WHAT NEEDS TO BE DONE -
Leave out the pictures and retype exactly the lines from the line with "Anillo de Plata" through the end of the listing below.

INFORMATION SUPPLIED -
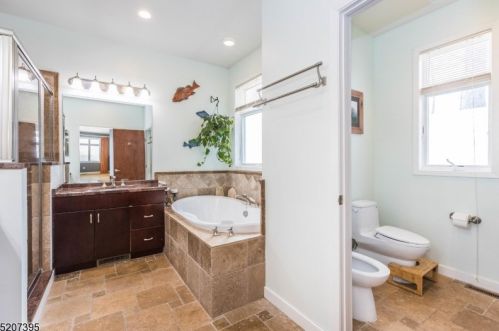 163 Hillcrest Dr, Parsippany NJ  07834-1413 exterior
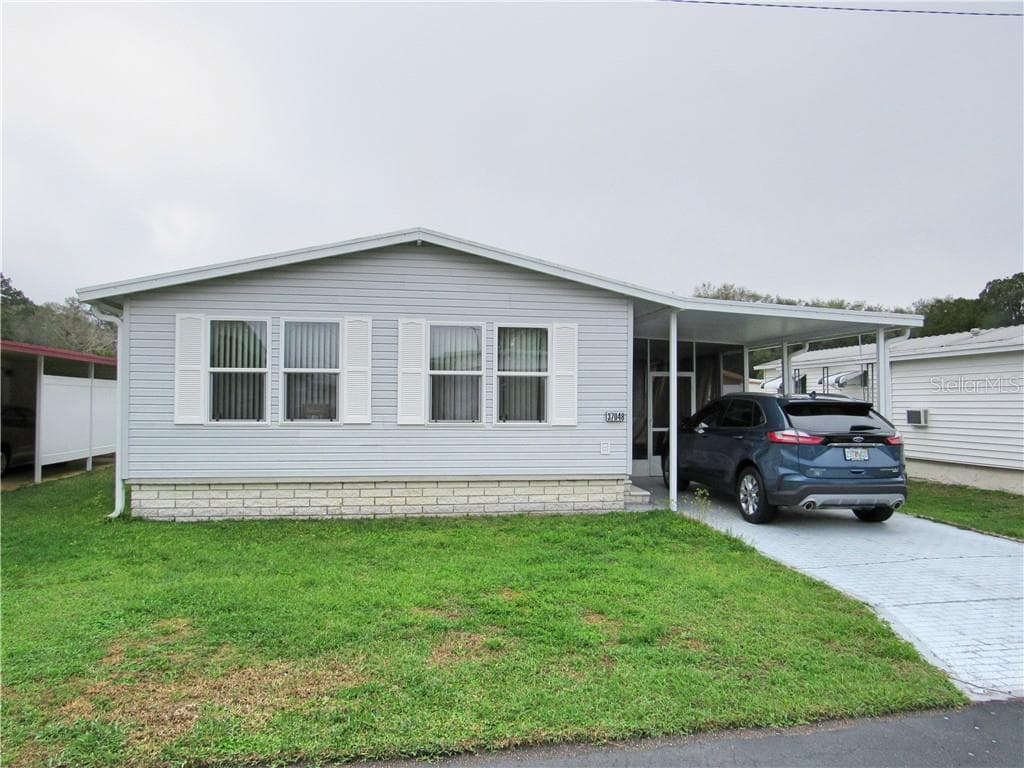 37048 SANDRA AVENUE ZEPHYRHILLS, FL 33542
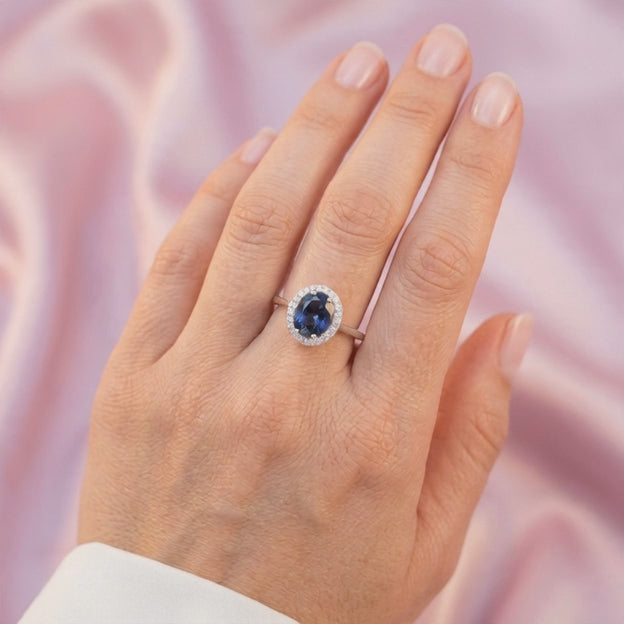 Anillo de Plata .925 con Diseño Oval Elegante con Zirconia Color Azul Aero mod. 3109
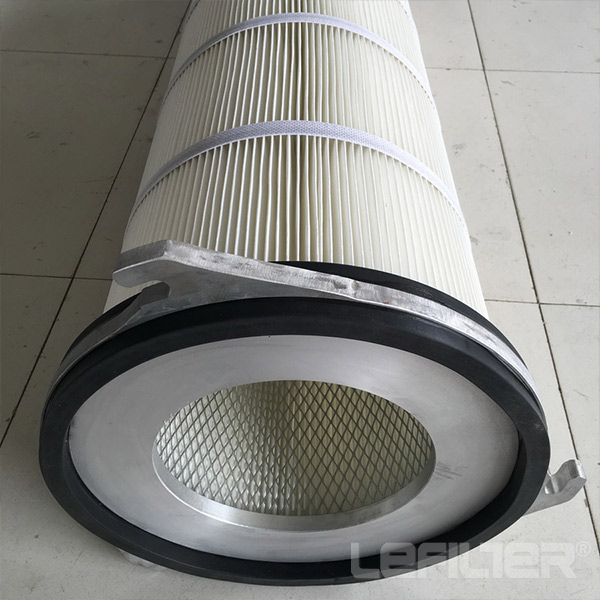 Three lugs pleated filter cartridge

ANSWER TO THIS PROBLEM -
 Anillo de Plata .925 con Diseño Oval Elegante con Zirconia Color Azul Aero mod. 3109
 Three lugs pleated filter cartridge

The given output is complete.